半地下の店内は入口から光が入ることで、思いのほか明るい

 ご主人と一緒に市ヶ谷のビルの中の店舗から始め、当時は企業の会議や講演会のための出前注文が多く、1度に200杯を運んだこともあったそう。その後、ビルの建て直しをきっかけに現在の場所へ移転した。こちらを選んだ理由はやはり「出前先の多いところ」だったから。かつては、新宿と柳橋にも支店があったが、バブル崩壊後に街はすっかり静かになってしまい、今では平河町の店だけとなった。

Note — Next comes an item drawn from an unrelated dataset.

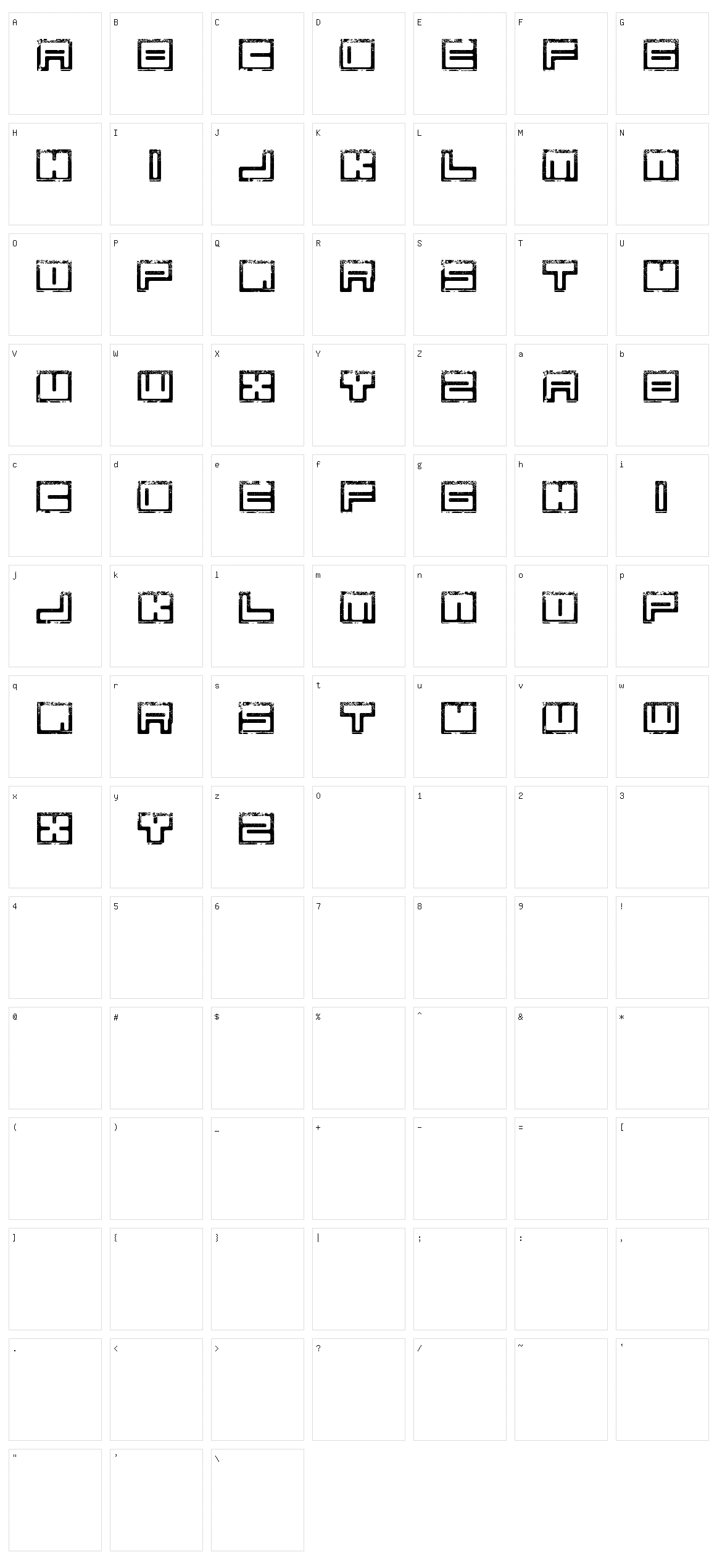 Bim eroded Character Set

新宿店と柳橋店の写真は店内にあるファイルで見ることができる

 日本で初めて喫茶店が出来たのは1888年4月13日のことで、その「可否茶館」から付けられた店名かと思っていたが、獅子文六の著書『可否道(2013年に『コーヒーと恋愛』として復刊)が由来だそう。

「獅子文六全集」に収録された『可否道』

 カウンター壁面の棚に並ぶ鮮やかなカップたちはすべて有田焼。店の顔のひとつであるといっても過言ではないコーヒーカップを選んだ決め手はなんだったのかと尋ねると、「珈琲豆以外は日本のものを使いたかったから」とのこと。

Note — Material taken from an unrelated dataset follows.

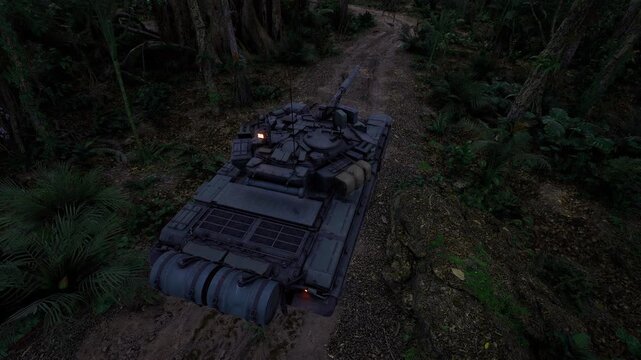 Rear profile with stowed gear and drums, fuel barrels mounted externally, tow cables and storage boxes visible, exhaust stains and worn paint, narrow trail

美しいカップの中から気に入ったもので珈琲を淹れてもらえる

 当時、原宿にあった陶器屋に足を運んで、楠木さんがひとつひとつ選んで集めていったもの。しかし、新宿店と柳橋店の閉店で、使用していたカップたちは平河町店には置ききれなくなってしまった。それらをどうしたかというと、「可否道」で修行した人が開いた店や、今も六本木で営業している「る・ぽーる」に200個ほど譲り渡したそうで、引き続き他の場所で活躍していると聞いて勝手にほっとする。

「可否道ブレンド」は深煎りのしっかりととした味わい

  店の前には高速道路があり、常に車が通っているが、中にいると音も揺れも感じない。地盤が良いのか、東日本大震災のときでもカップは一つも落ちなかったそうだ。

珈琲はペーパードリップで、高いところから注ぐのが特徴。淹れ方は当時、早稲田小劇場近くの喫茶店の方から学んだとか。一度に20gの豆が使用され、注文ごとに店内はいい匂いで満たされる

 冒頭の話に戻るが、楠木さんは演劇の世界を志していたようで、1954年公開の黒澤明氏が監督を務めた映画『七人の侍』にも出演している。その話を受けて「演劇の世界と珈琲の世界に共通点はあるか」と尋ねてみたところ、「どちらもお客さま相手、というところかしらね。ここは私の舞台だから」と返ってきた。

 その言葉に思わず唸って天井を仰ぐと、頭上にはまるでスポットライトのような照明があって楠木さんを照らしていた。また、訪れる人々にもそれぞれの物語があって、楠木さんは毎日違ったショートムービーを見ているようなものではないだろうか、と想像して楽しくなる。

猫グッズが散りばめられた店内。以前はご自身でも飼われていたほど猫が好きだそう

 楠木さんは近々米寿を迎えるという。それを聞いて思わず素っ頓狂な声をあげてしまうほど、目の前のお姿は若く生き生きとしている。

 珈琲そのものに身体を健やかに保つ効能があるのか、それとも喫茶店主という職業柄、日々いろいろな人たちと会話することで脳が活性化するためか、今までに話を聞いてきた店主たちも皆とても元気で、実年齢を聞くと驚いてしまうことが多い。

しっかり焼かれたイギリスパンの食感と海苔とバターの風味がたまらない名物「海苔トースト」。アイスコーヒーは陶器で提供される
アルコール入りの「カフェカルーア」も人気メニューのひとつ

 これからも楠木さんにはお元気に珈琲を淹れていてほしいと願うが、引退されるときが来たときは、勤続30年以上のスタッフである手島さんが継ぐことが決まっているそう。

 ほんの数十分の滞在ではあったが、想像以上に濃厚な話をたくさん伺うことができ、この日しかない最高の舞台を見せてもらった充足感に満たされたひとときだった。